**Task instructions**
Return the records exactly, from the first line through the "Camiseta Van Gogh Gato Preto Flores Amarelas" line.

**Data to examine**
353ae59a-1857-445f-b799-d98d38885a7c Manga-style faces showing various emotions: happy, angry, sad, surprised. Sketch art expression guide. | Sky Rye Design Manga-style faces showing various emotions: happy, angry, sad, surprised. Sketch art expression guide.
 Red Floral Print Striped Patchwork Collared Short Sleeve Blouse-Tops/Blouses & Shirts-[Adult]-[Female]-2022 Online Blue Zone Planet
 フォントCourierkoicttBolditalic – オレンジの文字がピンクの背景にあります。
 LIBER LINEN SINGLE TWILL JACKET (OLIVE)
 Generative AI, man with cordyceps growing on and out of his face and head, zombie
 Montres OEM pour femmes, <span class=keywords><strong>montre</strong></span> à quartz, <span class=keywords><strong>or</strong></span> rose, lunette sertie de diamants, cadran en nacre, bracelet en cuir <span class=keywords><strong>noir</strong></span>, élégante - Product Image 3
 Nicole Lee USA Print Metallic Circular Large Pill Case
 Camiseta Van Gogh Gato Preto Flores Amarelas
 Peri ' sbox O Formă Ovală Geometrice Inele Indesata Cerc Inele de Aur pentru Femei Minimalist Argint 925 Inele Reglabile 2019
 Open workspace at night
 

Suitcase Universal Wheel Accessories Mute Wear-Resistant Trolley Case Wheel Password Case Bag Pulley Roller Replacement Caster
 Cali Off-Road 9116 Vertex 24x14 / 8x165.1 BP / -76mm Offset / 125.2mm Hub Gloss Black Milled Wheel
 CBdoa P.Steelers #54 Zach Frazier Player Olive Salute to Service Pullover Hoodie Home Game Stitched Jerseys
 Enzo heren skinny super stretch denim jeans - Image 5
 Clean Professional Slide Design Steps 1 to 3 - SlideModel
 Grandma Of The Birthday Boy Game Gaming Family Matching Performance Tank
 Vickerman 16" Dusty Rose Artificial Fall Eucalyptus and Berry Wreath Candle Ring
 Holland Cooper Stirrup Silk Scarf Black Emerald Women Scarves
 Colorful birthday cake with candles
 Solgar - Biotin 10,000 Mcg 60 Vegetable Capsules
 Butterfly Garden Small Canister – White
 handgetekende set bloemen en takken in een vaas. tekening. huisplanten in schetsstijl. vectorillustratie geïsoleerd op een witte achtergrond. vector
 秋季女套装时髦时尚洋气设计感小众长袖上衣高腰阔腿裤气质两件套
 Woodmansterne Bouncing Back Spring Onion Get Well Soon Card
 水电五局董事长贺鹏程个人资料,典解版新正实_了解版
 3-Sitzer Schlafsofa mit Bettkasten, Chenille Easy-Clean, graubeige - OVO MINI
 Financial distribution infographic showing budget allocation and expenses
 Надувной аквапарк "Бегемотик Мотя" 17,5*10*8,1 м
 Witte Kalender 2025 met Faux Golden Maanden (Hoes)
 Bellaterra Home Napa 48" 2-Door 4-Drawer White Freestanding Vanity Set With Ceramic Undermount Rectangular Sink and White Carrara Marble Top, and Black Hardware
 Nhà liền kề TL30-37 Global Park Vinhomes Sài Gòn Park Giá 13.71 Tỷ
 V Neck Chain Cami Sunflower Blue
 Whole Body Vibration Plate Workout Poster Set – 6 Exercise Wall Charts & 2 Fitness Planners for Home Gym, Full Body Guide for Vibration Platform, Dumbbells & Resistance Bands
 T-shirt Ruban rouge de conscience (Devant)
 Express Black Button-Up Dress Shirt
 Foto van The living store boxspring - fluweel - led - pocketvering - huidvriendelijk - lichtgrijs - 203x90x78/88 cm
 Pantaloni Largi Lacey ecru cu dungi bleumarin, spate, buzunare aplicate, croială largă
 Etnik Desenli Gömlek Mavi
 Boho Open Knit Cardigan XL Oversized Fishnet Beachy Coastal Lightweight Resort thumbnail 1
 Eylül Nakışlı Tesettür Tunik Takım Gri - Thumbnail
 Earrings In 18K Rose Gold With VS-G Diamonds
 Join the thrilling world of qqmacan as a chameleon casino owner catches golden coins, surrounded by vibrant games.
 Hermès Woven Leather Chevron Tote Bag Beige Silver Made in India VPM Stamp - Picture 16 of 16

**Response below**
353ae59a-1857-445f-b799-d98d38885a7c Manga-style faces showing various emotions: happy, angry, sad, surprised. Sketch art expression guide. | Sky Rye Design Manga-style faces showing various emotions: happy, angry, sad, surprised. Sketch art expression guide.
 Red Floral Print Striped Patchwork Collared Short Sleeve Blouse-Tops/Blouses & Shirts-[Adult]-[Female]-2022 Online Blue Zone Planet
 フォントCourierkoicttBolditalic – オレンジの文字がピンクの背景にあります。
 LIBER LINEN SINGLE TWILL JACKET (OLIVE)
 Generative AI, man with cordyceps growing on and out of his face and head, zombie
 Montres OEM pour femmes, <span class=keywords><strong>montre</strong></span> à quartz, <span class=keywords><strong>or</strong></span> rose, lunette sertie de diamants, cadran en nacre, bracelet en cuir <span class=keywords><strong>noir</strong></span>, élégante - Product Image 3
 Nicole Lee USA Print Metallic Circular Large Pill Case
 Camiseta Van Gogh Gato Preto Flores Amarelas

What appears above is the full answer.